French researchers aimed to assess the efficacy of osteopathic manipulation for fibromyalgia (FM) in a randomized clinical trial. Patients were randomized to osteopathic or sham treatment. Treatment was administered by experienced physical medicine physicians, and consisted of six sessions per patient, over 6weeks. Treatment credibility and expectancy were repeatedly evaluated.

For the osteopathic treatment, the patient was first placed in a prone position. Each vertebra from C7 to L5 was mobilized in a dorsoventral direction by progressive pressure on the spinous process (SP), and in rotation by applying pressure on the lateral surface of the SP (bilaterally). The sacral bone was repeatedly mobilized in nutation–counternutation (5–10 times). The piriformis muscles were progressively stretched. The hip joint was then progressively mobilized in extension combined with abduction and adduction to stretch the adductor, abductor, and flexor muscles (10 times). The shoulders were progressively mobilized, one by one, with a repeated circumduction movement of the glenohumeral joint (10 times). The patient was then placed in a supine position, for the following maneuvers. At the neck, bimanual traction was performed, followed by repeated mobilization in lateral flexion and in rotation (both sides, five times, 3–5 times each). At the shoulders, we first performed cranial traction of both arms and then repeated caudal traction of one arm and then the other, by blocking the clavicle, thereby opening the acromioclavicular and glenohumeral joints (three times). At the hips, repeated tractions were performed on the legs (three times) and the hip joint was mobilized by circumduction movements. Finally, the patient was placed in the lateral decubitus position for mobilization of the lumbar and thoracolumbar spine. Thrust manipulations were allowed at any level, according to the patient’s complaint.
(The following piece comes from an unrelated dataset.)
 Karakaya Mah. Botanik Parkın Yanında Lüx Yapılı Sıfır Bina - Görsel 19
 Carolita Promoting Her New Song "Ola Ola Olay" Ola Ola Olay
The sham treatment followed the same order, but the maneuvers were stopped halfway through to prevent joint mobilization at the spine. At the hips and shoulders, the stretching techniques were also stopped halfway. The joint techniques were simulated, with no significant mobilization. Thrust manipulation was forbidden.
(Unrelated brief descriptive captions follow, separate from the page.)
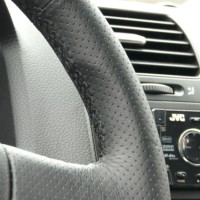 Оплетка на руль из натуральной кожи Volkswagen Caddy III 2006-2010 г.в. (для руля без штатной кожи, черная)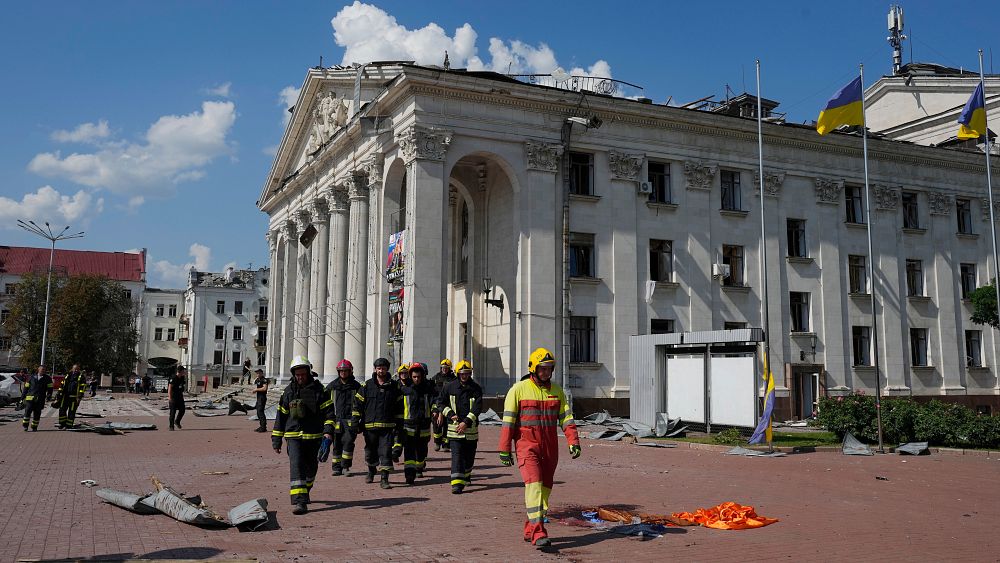 Guerre d'Ukraine : nettoyage de Tchernihiv, Zelenskyy remercie la Suède, frappe de drones à Moscou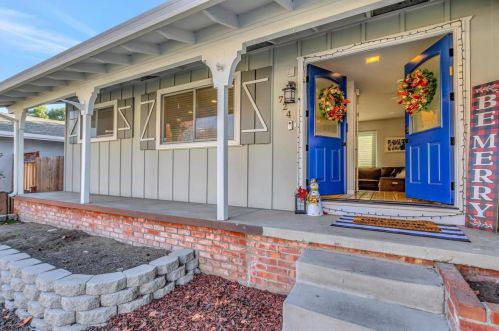 724 Natoma Dr, San Jose CA  95123-3935 exterior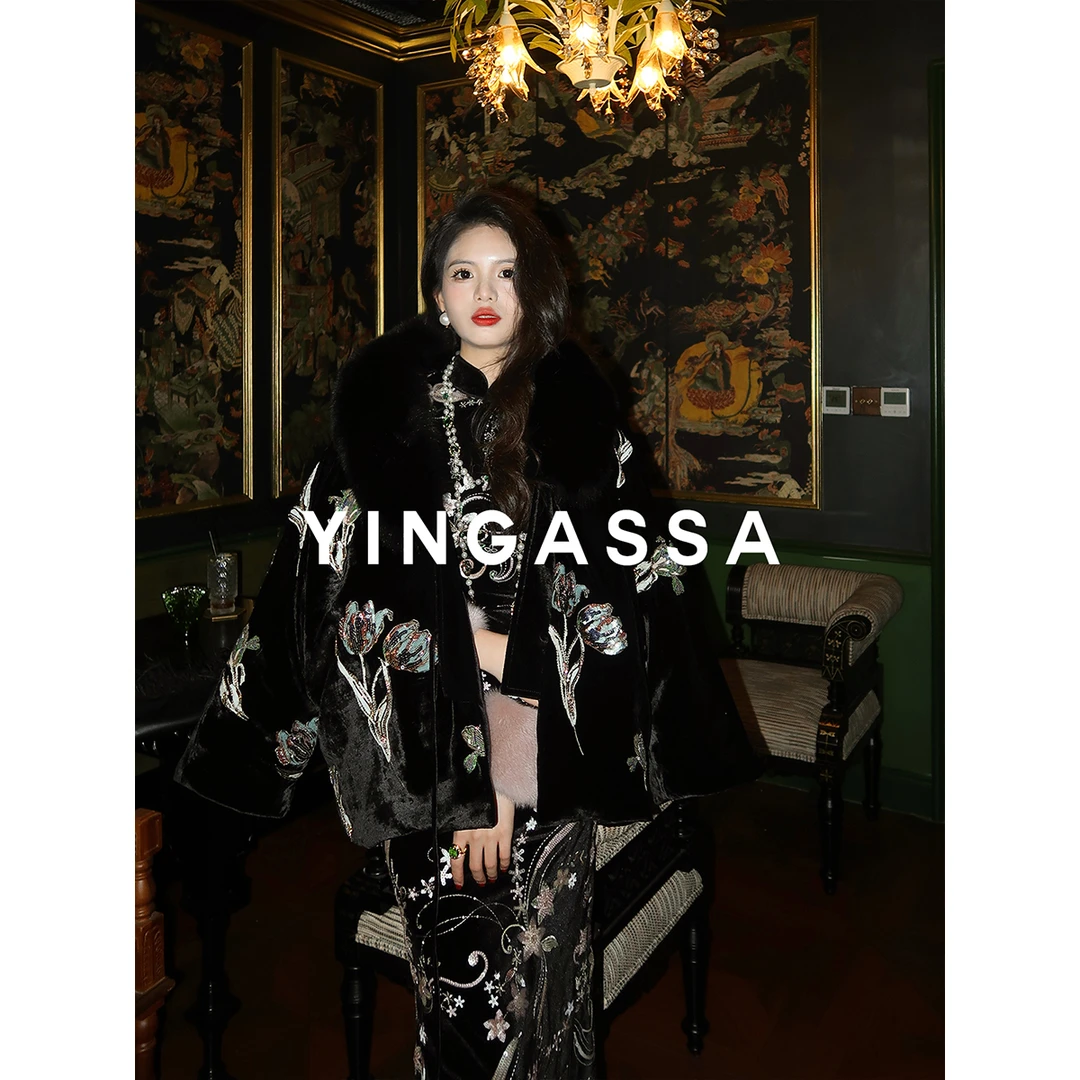 YINGASSA【夜皇后】丝绒狐狸毛95白鸭绒郁金香钉珠刺绣外套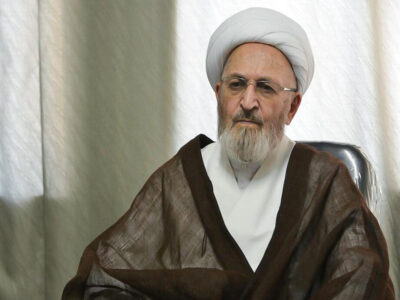 آیت الله سبحانی: استاد مهدوی‌راد چراغ راه پژوهشگران علم و فرهنگ است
Patients completed standardized questionnaires at baseline, during treatment, and at 6, 12, 24, and 52 weeks after randomization. The primary outcome was pain intensity (100-mm visual analog scale) during the treatment period. Secondary outcomes included fatigue, functioning, and health-related quality of life. Primarily intention-to-treat analyses were adjusted for credibility, using multiple imputations for missing data.

In total, 101 patients (94% women) were included. Osteopathic treatment did not significantly decrease pain relative to sham treatment (mean difference during treatment: −2.2mm; 95% confidence interval, −9.1 to 4.6mm). No significant differences were observed for secondary outcomes. No serious adverse events were observed, despite a likely rebound in pain and altered functioning at week 12 in patients treated by osteopathy. Patient expectancy
was predictive of pain during treatment, with a decrease of 12.9mm (4.4–21.5mm) per 10 points on the 0–30 scale. Treatment credibility and expectancy were also predictive of several secondary outcomes.
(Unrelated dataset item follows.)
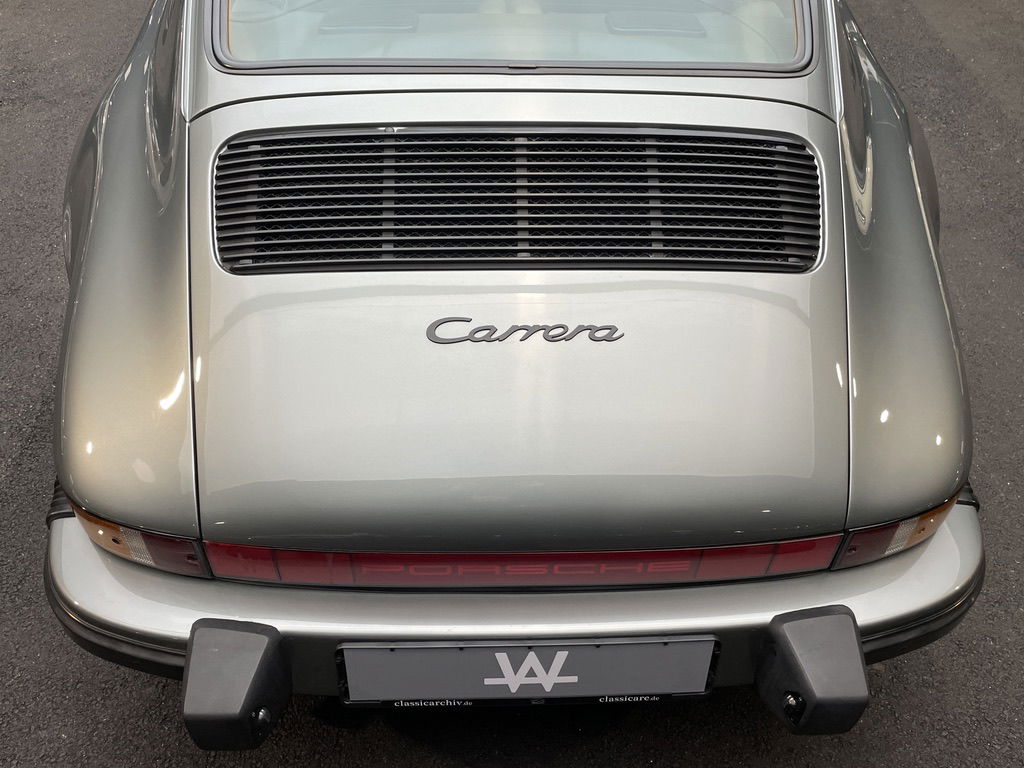 Porsche 911 Carrera 3.2 (US)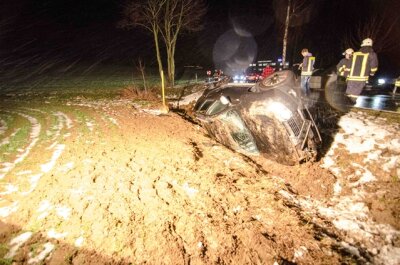 Unfall in Lichtenberg: 52-Jähriger schwer verletzt -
The authors concluded that osteopathy conferred no benefit over sham treatment for pain, fatigue, functioning, and quality of life in patients with FM. These findings do not support the use of osteopathy to treat these patients. More attention should be paid to the expectancy of patients in FM management.

The French team should be congratulated on this excellent piece of research. This is a very well conducted and reported study. It should serve as a blueprint to researchers of manual therapies for future trials. The results are clear and not unexpected: osteopathy is little more than a theatrical placebo.